Media

Media

Editor of the Guardian sees bright future for journalism

Editor of the Guardian sees bright future for journalism

The end may no longer be nigh. Alan Rusbridger, editor of the Guardian, the newspaper with the second-largest reach in the English-speaking world, gives journalists a reason to stop kvetching.

If recent history is anything to go by, the question of online pay walls can be answered two ways: simply, or via an exceedingly complex maze of further questions. Guardian editor Alan Rusbridger, during a lecture delivered last week to a roomful of heavyweight media types, used both methods. It was arguably the most insightful riff on the dilemma since Clayton Shirky’s seminal “Newspapers and thinking the unthinkable”, and it had a title that seriously upped the ante on provocation: “Does journalism exist?”

On the simple level, Rusbridger’s response to the problem of pay walls went like this – at his newspaper, it’s not gonna happen. He used an editorial example to explain why. On January 12th, he said, the Guardian scooped the world with the momentous story that Google was about to drop censorship in China. The story, which blanketed the planet in seconds, would have been a non-starter if the Guardian’s website wasn’t “open”.

How so? Firstly, said Rusbridger, because it wasn’t the sort of story that editors could have waited to publish in print – Google was set to post the news to its own blog a few minutes after the Guardian’s exclusive. And secondly, because it would have been plain dumb to publish digitally in the hope that people would buy a day-pass to read it – by then, according to Rusbridger, “the story would have been Twittered into global ubiquity.”

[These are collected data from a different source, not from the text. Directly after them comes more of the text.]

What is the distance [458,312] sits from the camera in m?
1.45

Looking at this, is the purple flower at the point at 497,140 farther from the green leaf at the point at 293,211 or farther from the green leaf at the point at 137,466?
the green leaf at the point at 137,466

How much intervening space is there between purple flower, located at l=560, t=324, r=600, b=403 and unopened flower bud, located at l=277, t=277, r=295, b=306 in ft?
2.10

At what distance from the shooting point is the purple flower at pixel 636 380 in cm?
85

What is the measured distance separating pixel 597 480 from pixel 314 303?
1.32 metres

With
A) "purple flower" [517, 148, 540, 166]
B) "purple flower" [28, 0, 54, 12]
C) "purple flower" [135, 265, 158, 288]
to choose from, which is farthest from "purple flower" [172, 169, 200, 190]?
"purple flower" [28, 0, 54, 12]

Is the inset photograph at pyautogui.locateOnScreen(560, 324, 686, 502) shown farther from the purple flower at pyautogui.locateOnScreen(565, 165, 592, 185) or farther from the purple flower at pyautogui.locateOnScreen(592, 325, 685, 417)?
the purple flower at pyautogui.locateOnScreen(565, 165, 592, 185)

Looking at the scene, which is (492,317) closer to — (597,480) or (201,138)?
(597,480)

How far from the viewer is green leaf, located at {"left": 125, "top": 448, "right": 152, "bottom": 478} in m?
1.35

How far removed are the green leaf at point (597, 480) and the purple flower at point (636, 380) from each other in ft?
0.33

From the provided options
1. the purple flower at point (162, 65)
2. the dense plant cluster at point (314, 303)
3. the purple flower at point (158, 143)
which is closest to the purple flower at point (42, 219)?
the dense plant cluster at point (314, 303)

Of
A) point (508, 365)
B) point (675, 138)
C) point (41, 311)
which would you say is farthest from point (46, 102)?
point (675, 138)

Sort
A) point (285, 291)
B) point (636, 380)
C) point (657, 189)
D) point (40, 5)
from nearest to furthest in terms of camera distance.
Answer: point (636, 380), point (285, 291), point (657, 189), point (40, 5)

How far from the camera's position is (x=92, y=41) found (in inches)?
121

In commercial terms, Rusbridger’s argument was that charging for online content is just as counter-productive. He repeated the observation of Sir Martin Sorrell, a man who “makes weather in advertising, the same as Rupert Murdoch does in print,” that by 2014 forty to fifty percent of WPP’s total advertising spend would be online (WPP, incidentally, operates in 106 countries and is responsible for US$60-billion a year in advertising billings).

It’s in this belief that online advertising is set for huge growth that men like Rusbridger – as opposed to men like Murdoch – find their confidence. “My commercial colleagues at the Guardian,” said Rusbridger, “are very focused on that, want to grow a large audience for our content and for advertisers, and can’t presently see the benefits of choking off growth in return for the relatively modest sums we think we would get from universal charging for digital content. Last year we earned £25m from digital advertising – not enough to sustain the legacy print business, but not trivial. My commercial colleagues believe we would earn a fraction of that from any known pay wall model.”

Of course, to argue that the Guardian is exempt from the paid-vs-free debate because it’s a loss-making entity supported by a rich trust is easy. More difficult is dealing with Rusbridger’s anticipation of the critique. “[All] the Scott Trust does is to enable the Guardian to compete on the same more or less level playing field as a host of other loss-making papers, whether their own cross-subsidies come from large international media businesses, Russian oligarch billions or unrelated companies within the same ownership or group.”

As Rusbridger well knows, if the competition is the benchmark, it doesn’t get much better than the Guardian. It’s the second-best read newspaper in the English-speaking world, and may soon take over first place from the New York Times, which just last week announced its intention to start charging for online access. In December 2009, said Rusbridger, his paper’s journalism was read by a staggering 37 million people – a third from the US, a third from the UK, and a third from the rest of the globe.

That, then, is Rusbridger’s simple answer to the problem of online pay walls: if you’re a good newspaper with the sort of journalists that people around the world want to read, you’d be stupid not to wait a few more years for the real advertising to kick in.

So what was his complex answer? It was a bit ambiguous, a bit sentimental and fuzzy, which was probably unavoidable – as Clay Shirky himself said, the nature of a revolution is that nobody knows what’s coming next. But it was also generous and expansive, a far cry from the suicidal mutterings we’re used to from the newspaper sector.

Rusbridger referred to his idea as the “mutualised news organisation” and, yes, journalism as we know it – or the best examples of this thing called journalism – does exist within the framework.

“We are edging away from the binary sterility of the debate between mainstream media and new forms which were supposed to replace us,” Rusbridger said. “We feel as if we are edging towards a new world in which we bring important things to the table – editing; reporting; areas of expertise; access; a title, or brand, that people trust; ethical professional standards and an extremely large community of readers.

“The members of that community could not hope to aspire to anything like that audience or reach on their own; they bring us a rich diversity, specialist expertise and on the ground reporting that we couldn’t possibly hope to achieve without including them in what we do.”

It’s sentimental, granted, but it’s about time we got some romance to offset the tragedy.